──────── Supplied information ────────

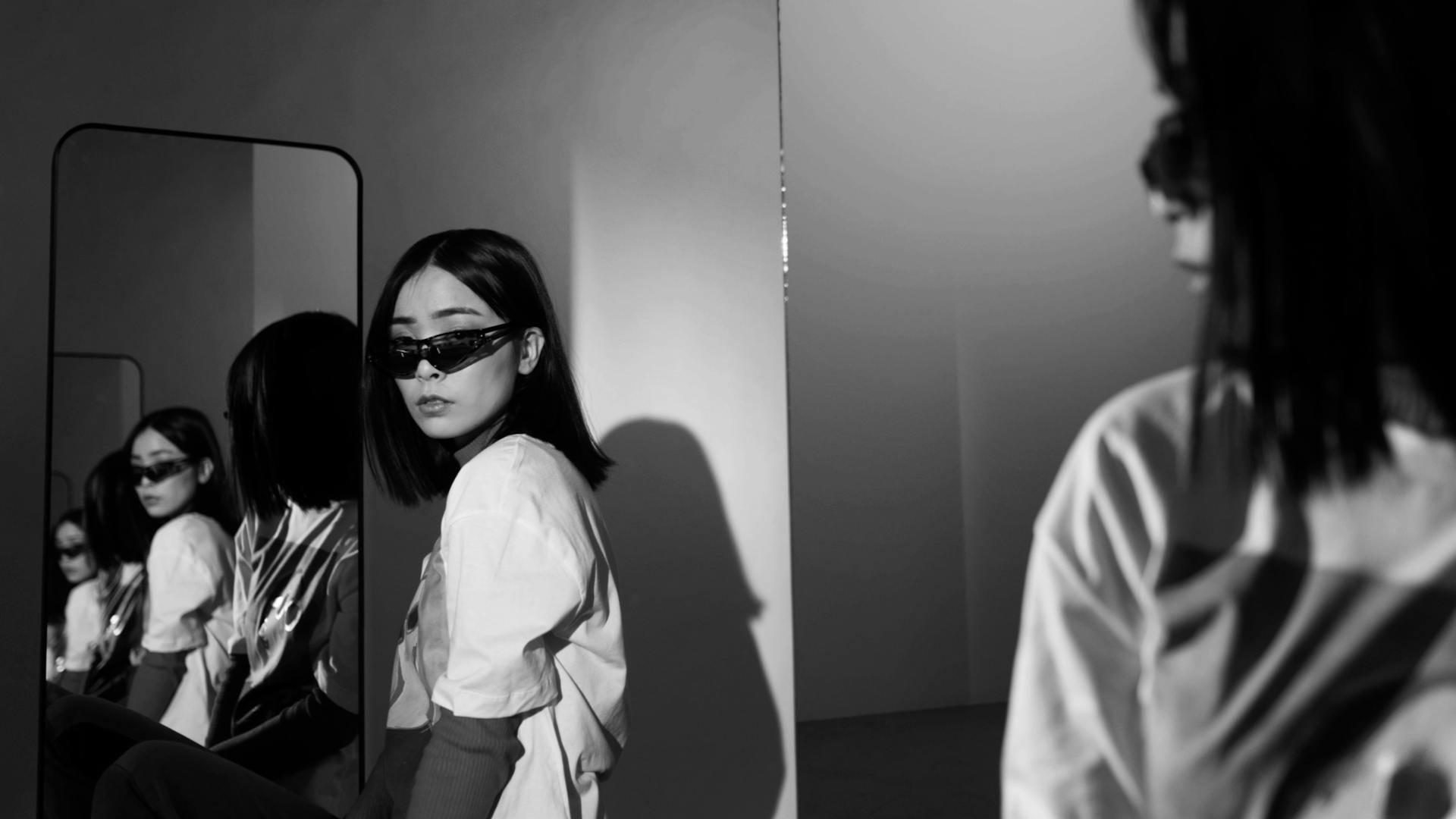 Eine Frau mit Sonnenbrille steht vor einem Spiegel.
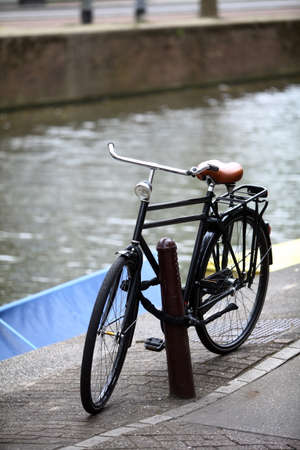 Color image of a parked bicycle on a bridge.の写真素材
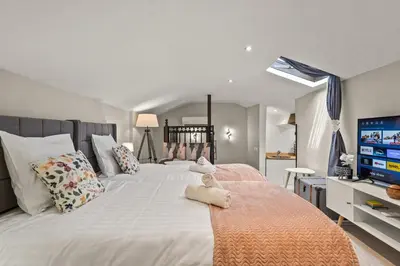 a bedroom with a large white bed with a flat screen tv at Studio Cannes city center in Cannes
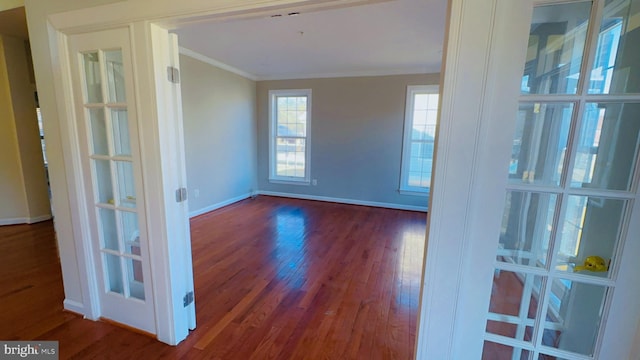 empty room with crown molding, dark hardwood / wood-style flooring, and french doors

────────

Please reproduce the listing exactly, leaving out any pictures.

◆ Reply ◆
 Eine Frau mit Sonnenbrille steht vor einem Spiegel.
 Color image of a parked bicycle on a bridge.の写真素材
 a bedroom with a large white bed with a flat screen tv at Studio Cannes city center in Cannes
 empty room with crown molding, dark hardwood / wood-style flooring, and french doors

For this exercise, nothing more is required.